#### What you need to do
Give back exactly the stretch of data below from the line holding "Lost Signal (2006) starring Al Santos on DVD" through the line holding "Deuxi&egrave;me culte: Rev.", both ends included, and leave the remaining lines out.

#### Data for this exercise
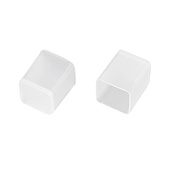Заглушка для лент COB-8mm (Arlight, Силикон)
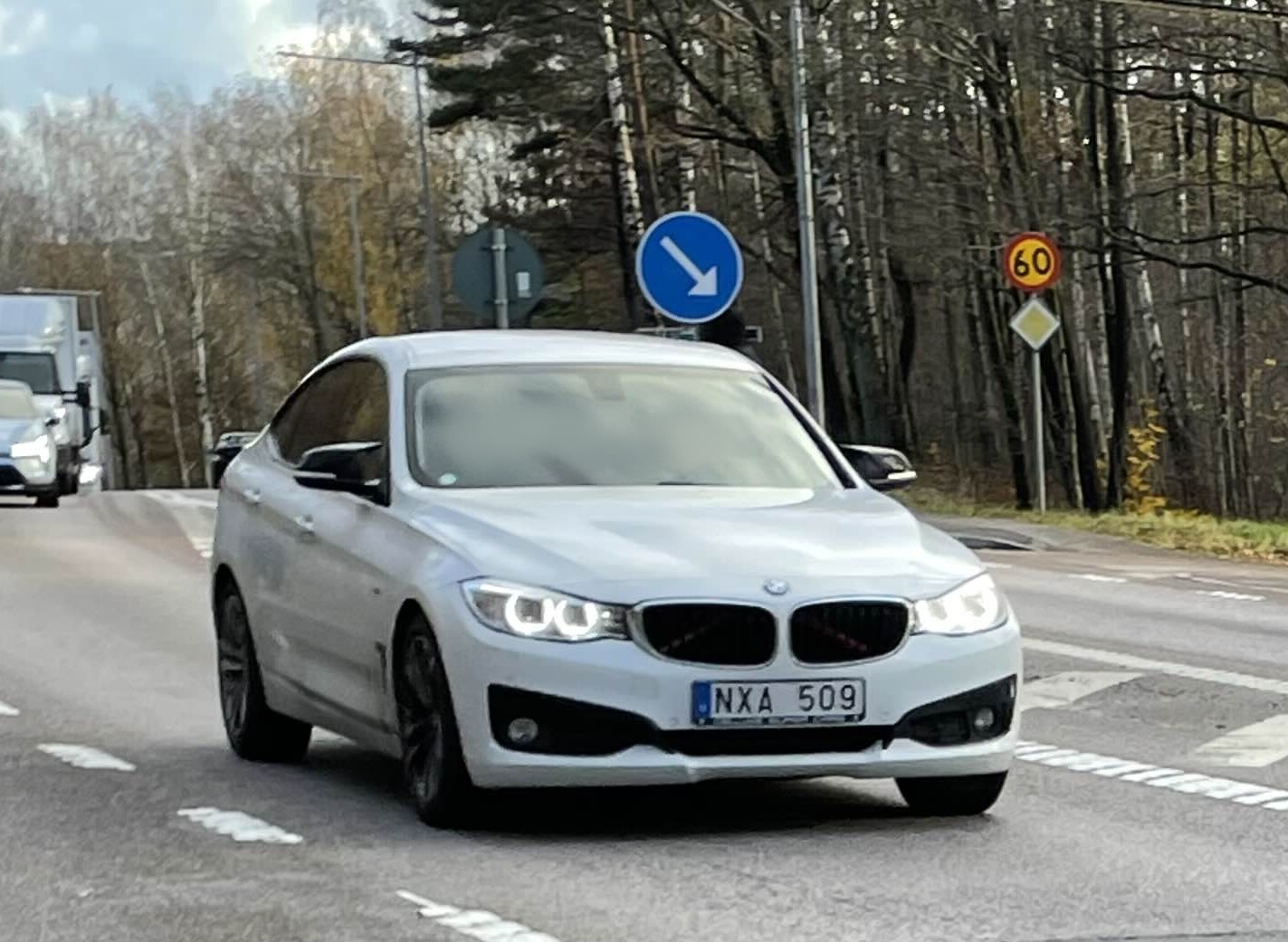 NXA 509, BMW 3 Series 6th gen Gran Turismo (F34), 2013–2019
...
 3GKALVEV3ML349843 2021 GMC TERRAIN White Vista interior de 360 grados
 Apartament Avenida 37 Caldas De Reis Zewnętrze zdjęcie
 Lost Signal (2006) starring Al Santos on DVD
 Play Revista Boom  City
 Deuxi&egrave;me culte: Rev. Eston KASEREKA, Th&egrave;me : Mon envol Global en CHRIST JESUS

#### The completed task
 Lost Signal (2006) starring Al Santos on DVD
 Play Revista Boom  City
 Deuxi&egrave;me culte: Rev. Eston KASEREKA, Th&egrave;me : Mon envol Global en CHRIST JESUS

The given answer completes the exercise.